● **Problem description**
Nothing but the lines from the line with "Mahatma Gandhi With" to the end of the records below should appear in the answer, each exactly as given.

[Dataset entries]
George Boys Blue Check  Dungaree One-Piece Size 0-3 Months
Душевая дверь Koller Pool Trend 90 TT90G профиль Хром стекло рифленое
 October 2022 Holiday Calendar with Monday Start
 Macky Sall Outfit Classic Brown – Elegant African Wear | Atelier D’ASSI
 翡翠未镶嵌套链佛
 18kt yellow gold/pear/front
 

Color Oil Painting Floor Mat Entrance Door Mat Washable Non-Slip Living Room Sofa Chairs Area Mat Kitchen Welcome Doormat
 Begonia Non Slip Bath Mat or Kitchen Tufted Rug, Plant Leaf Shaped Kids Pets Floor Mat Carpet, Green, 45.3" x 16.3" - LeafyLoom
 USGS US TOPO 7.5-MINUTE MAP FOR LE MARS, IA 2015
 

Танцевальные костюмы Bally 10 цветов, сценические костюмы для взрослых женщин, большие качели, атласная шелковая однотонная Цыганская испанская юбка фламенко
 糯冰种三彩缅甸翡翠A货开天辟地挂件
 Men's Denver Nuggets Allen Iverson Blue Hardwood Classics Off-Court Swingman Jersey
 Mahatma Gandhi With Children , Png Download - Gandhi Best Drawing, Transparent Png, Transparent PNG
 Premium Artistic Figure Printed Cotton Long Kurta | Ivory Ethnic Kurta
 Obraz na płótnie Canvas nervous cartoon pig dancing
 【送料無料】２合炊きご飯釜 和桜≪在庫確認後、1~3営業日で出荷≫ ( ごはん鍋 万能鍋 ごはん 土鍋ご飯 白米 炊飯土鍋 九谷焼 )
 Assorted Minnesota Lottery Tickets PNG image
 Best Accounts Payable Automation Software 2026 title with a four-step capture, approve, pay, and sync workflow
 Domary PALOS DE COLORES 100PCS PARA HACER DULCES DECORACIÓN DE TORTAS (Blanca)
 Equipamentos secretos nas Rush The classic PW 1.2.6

● **Result of this task**
 Mahatma Gandhi With Children , Png Download - Gandhi Best Drawing, Transparent Png, Transparent PNG
 Premium Artistic Figure Printed Cotton Long Kurta | Ivory Ethnic Kurta
 Obraz na płótnie Canvas nervous cartoon pig dancing
 【送料無料】２合炊きご飯釜 和桜≪在庫確認後、1~3営業日で出荷≫ ( ごはん鍋 万能鍋 ごはん 土鍋ご飯 白米 炊飯土鍋 九谷焼 )
 Assorted Minnesota Lottery Tickets PNG image
 Best Accounts Payable Automation Software 2026 title with a four-step capture, approve, pay, and sync workflow
 Domary PALOS DE COLORES 100PCS PARA HACER DULCES DECORACIÓN DE TORTAS (Blanca)
 Equipamentos secretos nas Rush The classic PW 1.2.6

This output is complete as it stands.